SST's first aired on March 20, 1993 as a replacement for Lunch Date, hosted by Randy Santiago, Dennis Padilla, and Smokey Manaloto with Liezl Martinez, Anjanette Abayari, Joy Ortega and Giselle Sanchez as co-hosts. In less than six months after it aired, SST started to overtake its arch-rival, Eat Bulaga! (ABS-CBN)  in the ratings by providing fresh interactive segments like "Grabe!" (a contest where live studio audience join the hosts of SST in a dare), "Knock Knock Hello!" (where SST wall clocks were given out to a lucky household member whose home was posted with an SST sticker), "Sari-Sari Stories" (a weekly comedy skit where SST hosts spoof a certain movie or Pinoy pop culture) and "Ano ka Hello?" (where SST hosts call out a lucky viewer and ask them questions about what they just saw in a particular episode). Moreover, SST hosts like Dennis, Smokey, Anjanette, Joy and Giselle became contract stars of Viva Films, where they have appeared separately in numerous movies. A free SST Sticker can be given to the audience on every weekdays.

Shortly before SST celebrated its first year on television, co-host Joy Ortega left the show.  She was subsequently replaced by Ai-Ai delas Alas who came from the predecessor show "Lunch Date". Main host Randy Santiago also started extra work for the show as the main director, with Cesar Cosme as 2nd unit director.  Soon after, SST gave a break to other newcomers in showbiz like Bayani Agbayani, Dale Villar and Bernadette Allyson (who was introduced as VJ Berna).

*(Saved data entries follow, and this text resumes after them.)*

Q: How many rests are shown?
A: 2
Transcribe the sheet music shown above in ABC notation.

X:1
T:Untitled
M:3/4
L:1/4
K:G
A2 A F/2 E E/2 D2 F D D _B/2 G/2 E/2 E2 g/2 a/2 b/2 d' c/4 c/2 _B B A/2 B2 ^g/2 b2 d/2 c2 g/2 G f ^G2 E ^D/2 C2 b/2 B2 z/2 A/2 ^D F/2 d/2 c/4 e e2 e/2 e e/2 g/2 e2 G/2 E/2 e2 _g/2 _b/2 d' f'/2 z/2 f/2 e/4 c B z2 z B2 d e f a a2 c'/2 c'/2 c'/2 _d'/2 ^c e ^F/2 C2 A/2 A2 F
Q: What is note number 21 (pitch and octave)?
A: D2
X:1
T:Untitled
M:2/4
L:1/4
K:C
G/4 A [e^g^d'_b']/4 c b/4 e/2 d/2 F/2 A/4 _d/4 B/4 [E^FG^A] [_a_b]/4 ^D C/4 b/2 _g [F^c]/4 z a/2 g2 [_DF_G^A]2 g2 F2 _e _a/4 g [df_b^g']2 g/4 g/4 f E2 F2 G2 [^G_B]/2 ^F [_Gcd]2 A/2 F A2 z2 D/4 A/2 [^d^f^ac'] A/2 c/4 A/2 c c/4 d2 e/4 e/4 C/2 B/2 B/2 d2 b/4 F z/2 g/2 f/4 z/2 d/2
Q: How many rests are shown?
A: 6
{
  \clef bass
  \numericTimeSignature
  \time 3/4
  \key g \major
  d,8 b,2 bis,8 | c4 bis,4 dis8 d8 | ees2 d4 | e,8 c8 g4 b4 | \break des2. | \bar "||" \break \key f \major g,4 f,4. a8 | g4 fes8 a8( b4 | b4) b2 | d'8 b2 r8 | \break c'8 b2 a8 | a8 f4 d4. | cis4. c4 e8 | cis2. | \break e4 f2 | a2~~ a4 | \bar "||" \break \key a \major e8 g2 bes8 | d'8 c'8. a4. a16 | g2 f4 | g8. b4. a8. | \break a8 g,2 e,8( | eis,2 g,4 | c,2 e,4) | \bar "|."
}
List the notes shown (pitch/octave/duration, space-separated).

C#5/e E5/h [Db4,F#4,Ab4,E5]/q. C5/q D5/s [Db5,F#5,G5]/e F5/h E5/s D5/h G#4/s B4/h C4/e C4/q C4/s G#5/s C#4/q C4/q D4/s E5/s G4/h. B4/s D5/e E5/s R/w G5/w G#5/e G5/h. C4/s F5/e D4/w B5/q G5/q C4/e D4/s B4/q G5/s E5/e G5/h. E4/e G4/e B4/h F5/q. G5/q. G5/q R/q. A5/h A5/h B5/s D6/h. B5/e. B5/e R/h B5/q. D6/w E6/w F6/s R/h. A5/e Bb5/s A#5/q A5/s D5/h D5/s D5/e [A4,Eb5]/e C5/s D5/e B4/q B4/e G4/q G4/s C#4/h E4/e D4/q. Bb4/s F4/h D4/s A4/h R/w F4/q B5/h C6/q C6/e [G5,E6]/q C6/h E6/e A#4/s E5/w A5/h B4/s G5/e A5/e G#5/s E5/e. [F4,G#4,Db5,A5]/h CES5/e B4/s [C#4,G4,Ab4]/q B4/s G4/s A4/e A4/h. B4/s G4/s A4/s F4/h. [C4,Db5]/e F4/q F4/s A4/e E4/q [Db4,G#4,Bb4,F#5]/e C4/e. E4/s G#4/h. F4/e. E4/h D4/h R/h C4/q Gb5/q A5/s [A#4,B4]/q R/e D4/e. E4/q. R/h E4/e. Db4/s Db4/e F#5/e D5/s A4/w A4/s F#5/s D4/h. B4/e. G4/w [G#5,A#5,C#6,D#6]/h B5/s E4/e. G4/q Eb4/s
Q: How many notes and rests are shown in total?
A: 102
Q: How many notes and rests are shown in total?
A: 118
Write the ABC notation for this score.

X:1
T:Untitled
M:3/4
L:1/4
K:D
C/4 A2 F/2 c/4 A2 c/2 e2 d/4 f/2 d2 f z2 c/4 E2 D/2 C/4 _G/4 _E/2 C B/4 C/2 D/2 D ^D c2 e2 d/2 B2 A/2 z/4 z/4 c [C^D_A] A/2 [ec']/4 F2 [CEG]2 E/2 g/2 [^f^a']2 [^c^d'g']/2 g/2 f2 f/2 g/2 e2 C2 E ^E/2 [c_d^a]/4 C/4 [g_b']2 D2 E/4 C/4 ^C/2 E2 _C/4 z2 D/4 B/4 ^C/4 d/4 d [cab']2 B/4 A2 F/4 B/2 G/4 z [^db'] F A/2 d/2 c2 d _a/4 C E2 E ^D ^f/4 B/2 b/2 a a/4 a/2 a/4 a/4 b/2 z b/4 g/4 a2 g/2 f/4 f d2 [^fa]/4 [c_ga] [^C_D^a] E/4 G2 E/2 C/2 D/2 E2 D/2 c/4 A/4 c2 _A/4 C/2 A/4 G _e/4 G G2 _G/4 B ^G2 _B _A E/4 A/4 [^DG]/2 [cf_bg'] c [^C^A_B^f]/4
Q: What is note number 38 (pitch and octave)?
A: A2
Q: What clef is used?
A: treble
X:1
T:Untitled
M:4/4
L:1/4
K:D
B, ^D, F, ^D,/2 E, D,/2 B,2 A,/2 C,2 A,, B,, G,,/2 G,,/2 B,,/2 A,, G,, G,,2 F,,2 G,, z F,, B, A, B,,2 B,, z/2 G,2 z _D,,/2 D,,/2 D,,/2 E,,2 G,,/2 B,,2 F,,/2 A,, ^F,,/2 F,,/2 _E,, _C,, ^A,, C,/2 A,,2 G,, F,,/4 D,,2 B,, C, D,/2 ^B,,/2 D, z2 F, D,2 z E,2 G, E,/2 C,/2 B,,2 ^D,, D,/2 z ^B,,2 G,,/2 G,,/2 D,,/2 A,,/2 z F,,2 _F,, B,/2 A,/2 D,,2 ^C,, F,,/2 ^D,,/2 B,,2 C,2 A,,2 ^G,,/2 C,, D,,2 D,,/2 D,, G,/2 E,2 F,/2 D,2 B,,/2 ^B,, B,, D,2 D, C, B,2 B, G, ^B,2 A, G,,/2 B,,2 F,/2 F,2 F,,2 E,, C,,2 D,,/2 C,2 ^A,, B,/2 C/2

However amidst the high ratings of the show at that time, what started as a blind item eventually became showbiz news that "SST" was going to go off the air to give way to its rival noontime show "Eat Bulaga!" at the 12 pm slot. This transpired after "Bulaga!" itself had decided to move to GMA Network following their producer TAPE Inc.'s refusal to sell the show's rights to its previous home network, ABS-CBN. During "SST"'s New Year episode on December 31, 1994, the announcement of the new variety show's move to GMA was officially made by main hosts Randy Santiago and Dennis Padilla during the show's opening. The "SST" hosts and talents aired their sentiments on the announcement because they felt the GMA management did not give them a chance to prove that they could carry the noontime show to new heights.  At the same time, they were satisfied because the network decided to keep the show by moving "SST" to an earlier time slot to serve as a pre-programming to Eat Bulaga!. SST aired its final noontime episode on January 27, 1995. 
On January 30, 1995, SST was reformatted as a morning talk show, with its timeslot at 10:30 am. Entertainment writer Giovanni Calvo joined the "SST gang" as the segment host for "Katok Mga Misis", dishing out the latest rumors in show business.  However, "SST" was not able to dislodge ABS-CBN's "Teysi ng Tahanan" from the top spot and its ratings suffered.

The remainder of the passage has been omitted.